Copom Eleva Selic para 15% e Analisa Pausa em Alta de Juros

O Comitê de Política Monetária (Copom) decidiu, por unanimidade, elevar a taxa básica de juros (Selic) em 0,25 ponto percentual, para 15,00% ao ano. A decisão, divulgada nesta terça-feira (17/06), visa assegurar a convergência da inflação para a meta em um cenário de expectativas desancoradas e pressões no mercado de trabalho.
Cenário Externo Adverso e Incerto
O Copom destacou que o ambiente externo permanece adverso e particularmente incerto, influenciado pela conjuntura e política econômica nos Estados Unidos, especialmente suas políticas comercial e fiscal e seus respectivos efeitos. O comportamento e a volatilidade de diferentes classes de ativos também têm sido afetados, impactando as condições financeiras globais. Esse cenário exige cautela por parte de países emergentes, em um ambiente de acirramento da tensão geopolítica.
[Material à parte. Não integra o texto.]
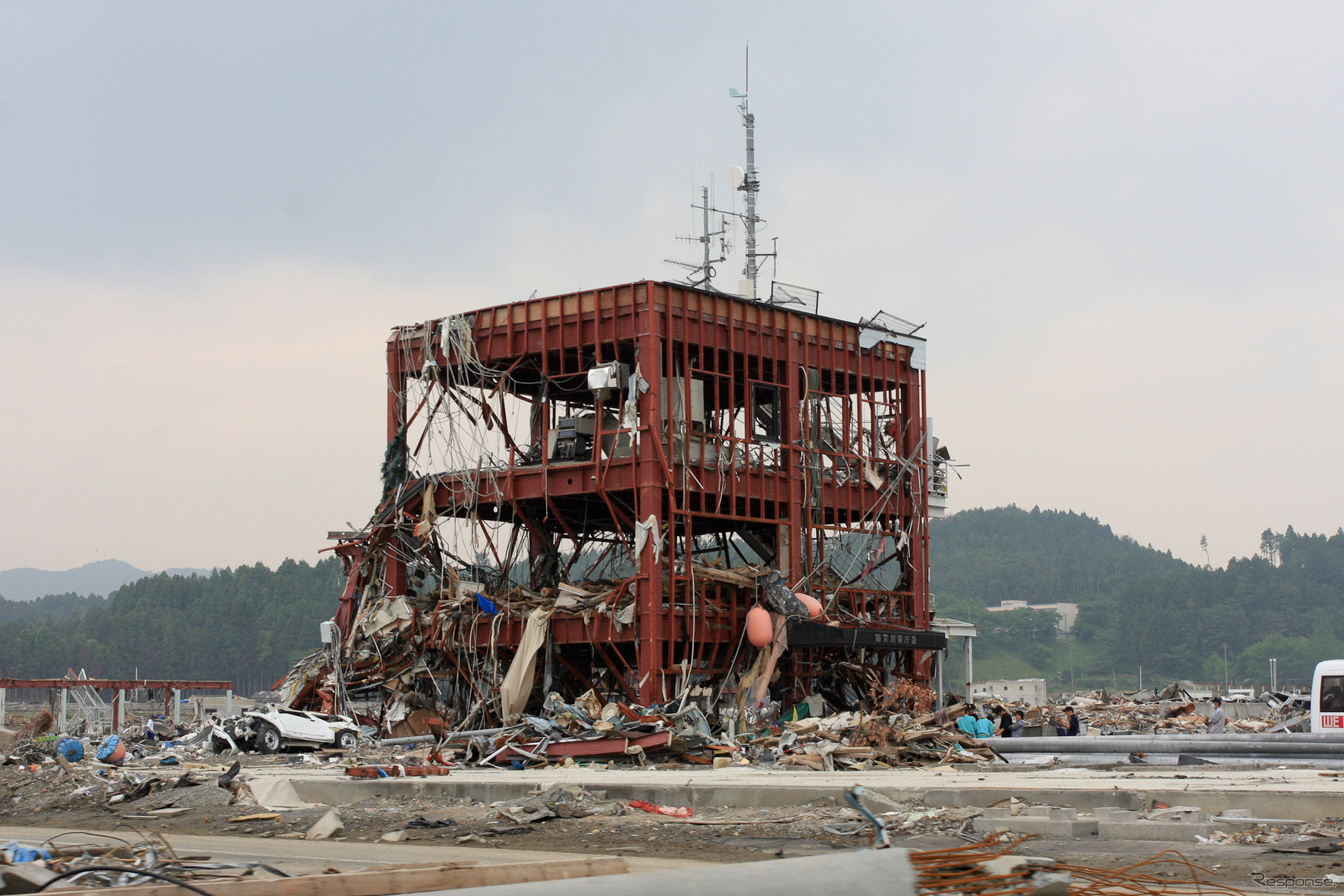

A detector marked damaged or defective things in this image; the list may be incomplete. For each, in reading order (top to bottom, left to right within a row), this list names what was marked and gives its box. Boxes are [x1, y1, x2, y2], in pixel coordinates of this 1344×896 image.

crushed white car [208, 709, 357, 758]
wrecked car [208, 709, 357, 758] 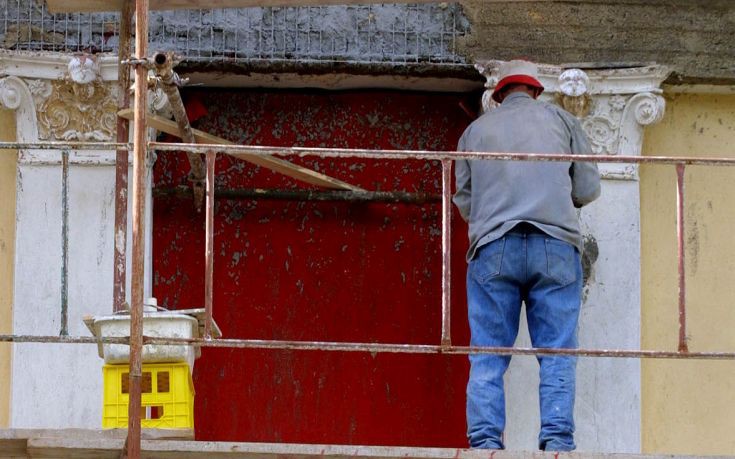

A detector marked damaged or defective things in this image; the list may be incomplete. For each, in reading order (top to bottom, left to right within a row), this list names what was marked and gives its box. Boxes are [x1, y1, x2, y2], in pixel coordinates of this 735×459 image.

Dinâmica Econômica Doméstica e Pressões Inflacionárias
No cenário doméstico, os indicadores de atividade econômica e do mercado de trabalho ainda mostram algum dinamismo, mas com uma certa moderação no crescimento. As divulgações mais recentes indicaram que a inflação cheia e as medidas subjacentes permaneceram acima da meta para a inflação.
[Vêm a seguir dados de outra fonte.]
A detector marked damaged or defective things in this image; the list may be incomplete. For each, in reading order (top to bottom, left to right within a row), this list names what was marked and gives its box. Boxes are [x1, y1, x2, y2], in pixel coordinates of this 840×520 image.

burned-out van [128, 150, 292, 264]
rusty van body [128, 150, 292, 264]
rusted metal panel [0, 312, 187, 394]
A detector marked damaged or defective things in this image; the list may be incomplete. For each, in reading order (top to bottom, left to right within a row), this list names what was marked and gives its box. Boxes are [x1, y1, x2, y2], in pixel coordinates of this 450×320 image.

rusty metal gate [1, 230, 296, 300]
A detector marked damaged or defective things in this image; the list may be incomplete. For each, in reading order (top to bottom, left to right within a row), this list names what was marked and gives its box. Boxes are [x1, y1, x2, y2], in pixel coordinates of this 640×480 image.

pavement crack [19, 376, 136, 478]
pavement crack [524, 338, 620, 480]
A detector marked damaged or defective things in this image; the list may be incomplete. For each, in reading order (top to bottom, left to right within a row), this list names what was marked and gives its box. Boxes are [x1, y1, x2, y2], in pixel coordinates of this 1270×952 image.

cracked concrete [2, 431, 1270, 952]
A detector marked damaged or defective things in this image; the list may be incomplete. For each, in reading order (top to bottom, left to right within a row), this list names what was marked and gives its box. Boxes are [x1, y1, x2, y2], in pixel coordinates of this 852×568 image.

As expectativas de inflação para 2025 e 2026, apuradas pela pesquisa Focus, estão acima da meta, em 5,2% e 4,5%, respectivamente. A projeção de inflação do Copom para 2026, horizonte relevante da política monetária, situa-se em 3,6% no cenário de referência.
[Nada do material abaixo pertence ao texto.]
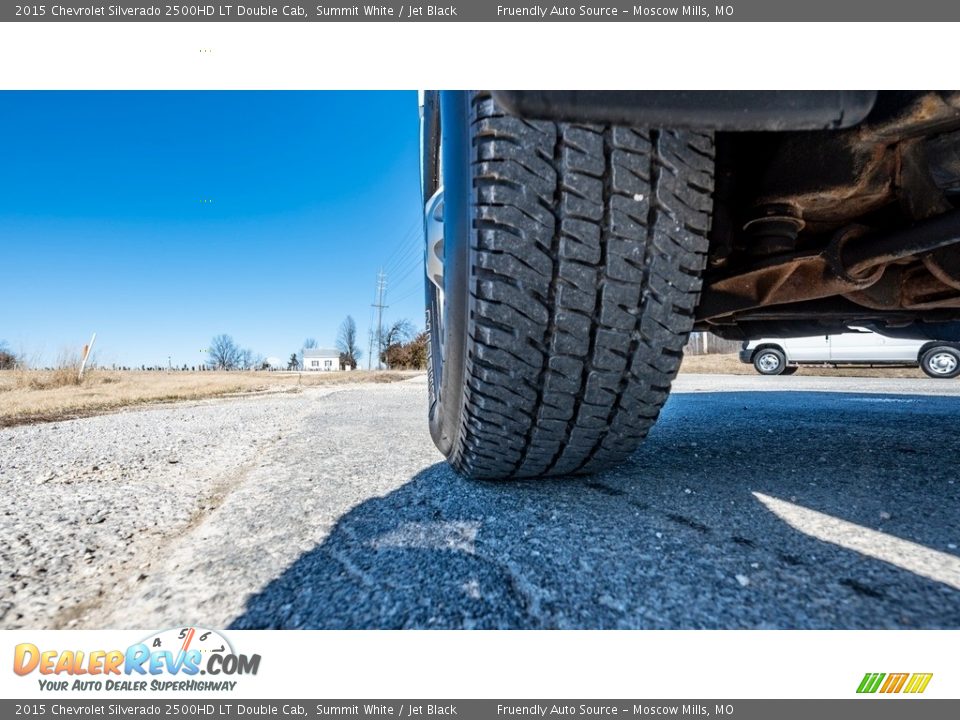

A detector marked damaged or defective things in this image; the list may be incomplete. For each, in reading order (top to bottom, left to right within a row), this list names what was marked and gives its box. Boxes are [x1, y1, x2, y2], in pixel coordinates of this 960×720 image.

cracked asphalt [1, 374, 960, 628] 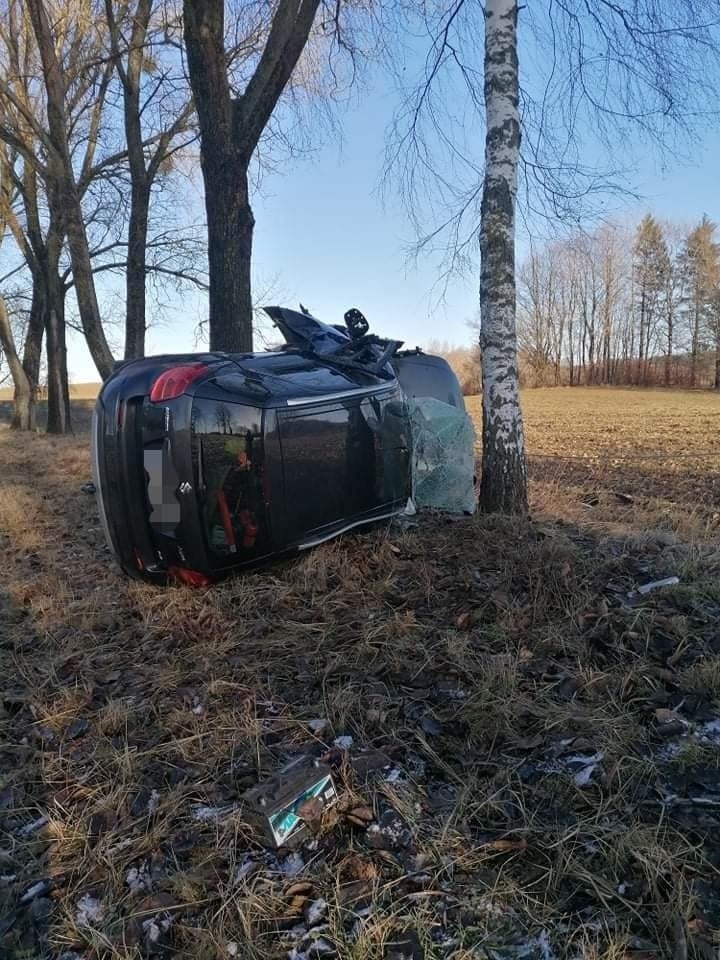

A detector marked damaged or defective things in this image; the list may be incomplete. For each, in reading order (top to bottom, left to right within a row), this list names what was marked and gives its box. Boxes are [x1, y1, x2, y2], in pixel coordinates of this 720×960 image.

crumpled car body [90, 306, 472, 584]
overturned car [93, 308, 476, 584] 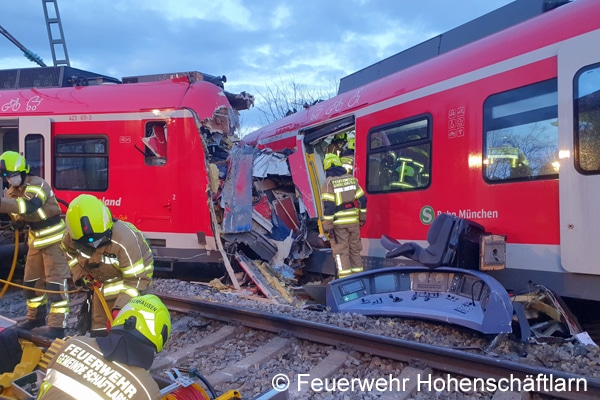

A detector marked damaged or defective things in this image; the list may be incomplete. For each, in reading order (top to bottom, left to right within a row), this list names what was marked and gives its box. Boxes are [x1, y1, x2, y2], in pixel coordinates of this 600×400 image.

wrecked train carriage [0, 69, 253, 276]
torn sheet metal [223, 146, 255, 234]
torn sheet metal [253, 149, 290, 177]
Riscos Inflacionários e Próximos Passos da Política Monetária
Os riscos para a inflação, tanto de alta quanto de baixa, seguem mais elevados do que o usual. Entre os riscos de alta, destacam-se:
- Desancoragem prolongada das expectativas de inflação.
- Maior resiliência na inflação de serviços, devido a um hiato do produto mais positivo.
- Conjunção de políticas econômicas (externa e interna) com impacto inflacionário maior que o esperado, por exemplo, por meio de uma taxa de câmbio persistentemente mais depreciada.
Já entre os riscos de baixa, ressaltam-se:
- Desaceleração da atividade econômica doméstica mais acentuada que o projetado.
- Desaceleração global mais pronunciada, decorrente de choque de comércio e maior incerteza.
- Redução nos preços das commodities com efeitos desinflacionários.
O Comitê mantém-se vigilante sobre como os desenvolvimentos da política fiscal impactam a política monetária e os ativos financeiros. O cenário atual é marcado por expectativas desancoradas, projeções de inflação elevadas, resiliência econômica e pressões no mercado de trabalho. Para garantir a convergência da inflação à meta em um ambiente de expectativas desancoradas, o Copom entende que é necessária uma política monetária significativamente contracionista por um período prolongado.
O Copom antecipa uma interrupção no ciclo de alta de juros caso o cenário esperado se confirme, para examinar os impactos acumulados do ajuste já realizado. Posteriormente, avaliará se o nível atual da taxa de juros, mantido por um período prolongado, será suficiente para assegurar a convergência da inflação à meta. O Comitê enfatizou que permanecerá vigilante, ajustará os passos futuros da política monetária conforme necessário e não hesitará em prosseguir com o ajuste, se julgar apropriado.
Votaram pela decisão os membros do Comitê: Gabriel Muricca Galípolo (presidente), Ailton de Aquino Santos, Diogo Abry Guillen, Gilneu Francisco Astolfi Vivan, Izabela Moreira Correa, Nilton José Schneider David, Paulo Picchetti, Renato Dias de Brito Gomes e Rodrigo Alves Teixeira.